An early advocate of states systems, Baechler contended in Les Origines du Capitalisme (1971) that the Western European stable state systems had been instrumental in the economic development ("the growth of capitalism") of that region.
Jean Baechler was born on 28 March 1937 at Thionville (department of Moselle). He is historian ("agrégé d'histoire", 1962) and got in 1975 a PhD in humanities ("doctorat ès lettres") with a thesis about suicides directed by Raymond Aron.
He worked from 1966 to 1988 at the National center for scientific research (Centre national de la recherche scientifique, CNRS). In parallel, he worked from 1969 to 1984 at the European center for historical sociology (Centre européen de sociologie historique), whose director was Raymond Aron. Since 1988, he is professor of historical sociology at University of Paris (Paris-IV-Sorbonne). (Last update: early 2000.)

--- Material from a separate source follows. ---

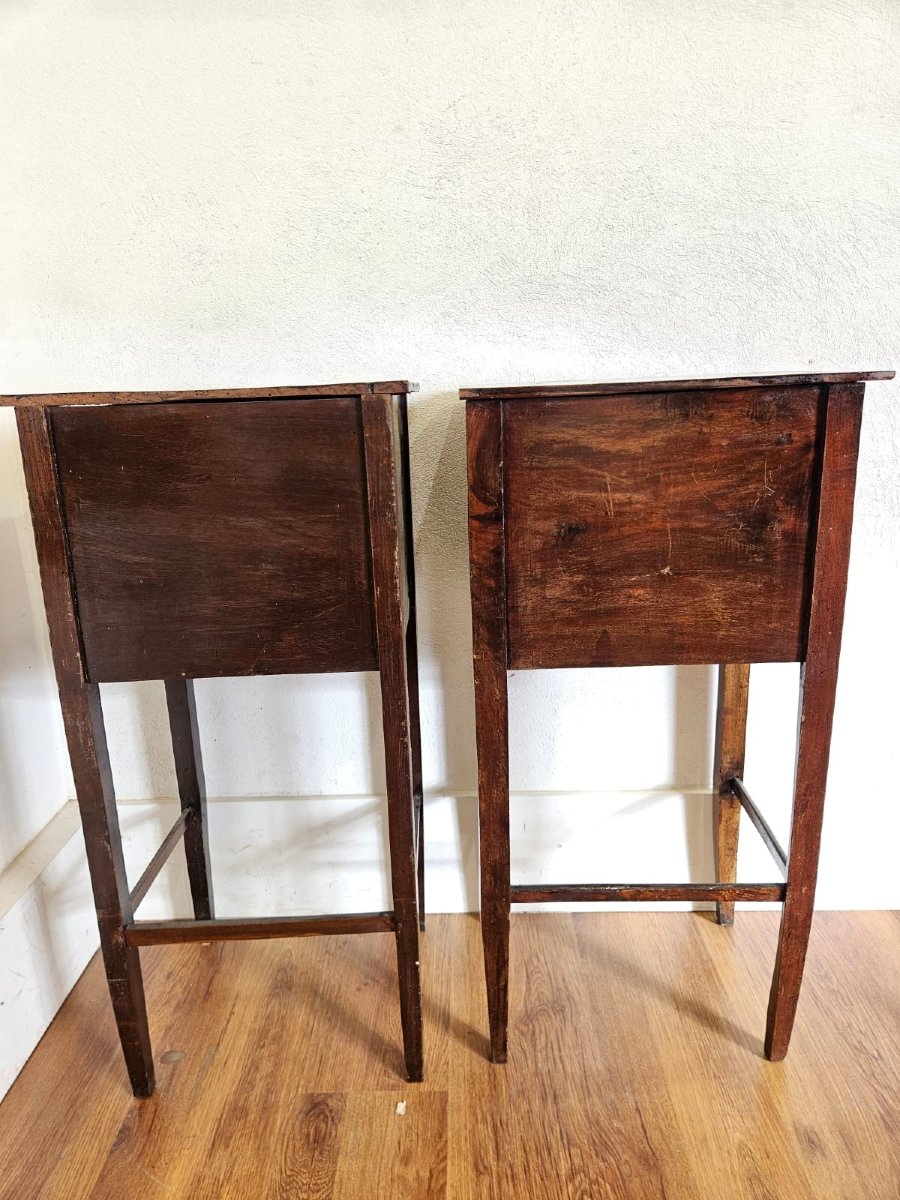 Paire de tables de chevet en noyer – début XIXᵉ siècle-photo-5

Works related to the European miracle:
(1) 1971: Les origines du capitalisme, Gallimard, Paris, France.
English version 1975: Origins of Capitalism, Blackwell; Japanese version 1991.
(2) 1988, co-edited with John A. Hall et Michael Mann: Europe and the Rise of Capitalism, Oxford, Basil Blackwell.
(3) 1995: Le capitalisme, Tome 1: "Les origines", Gallimard, Coll. Folio, Paris, France.
extracts from Baechler books for French high schools students.
A list of publications, and what looks very much like a homepage.
My personal and subjective view of Baechler's contribution to the Grand Question
Across his career, Jean Baechler worked marginally on the European miracle. He devoted most of his time to analyzing political ideologies and political regimes. In particular, he produced a theory of democracy in the history of civilization.
Nevertheless, Baechler's contribution to the Grand Question is outstanding. He stressed the importance of the states system in fostering the "growth of capitalism" in Western Europe, i.e. economic growth between the XVIth and the XXth century. Baechler stressed the importance of the states system in the emergence of freedom for the merchant class, through the restraint that a multi-centered world imposed upon governments. He also emphasized the positive effect that competition between governments had on economic development.
However, Baechler overlooked (or avoided) the whole military chapter. War spendings were crucial for the economic growth of classical Europe, and they were very much dependent on the existence of a states system. Furthermore, Baechler does not succeed in establishing the link between the wealthy states system and the flourishing of science. I expounded that link in Le Secret de l'Occident.
Finally, a central issue is left open by Baechler, namely why a long-lasting, stable, states system developed only in Western Europe, and not in India or China. This as well is settled in Le Secret de l'Occident.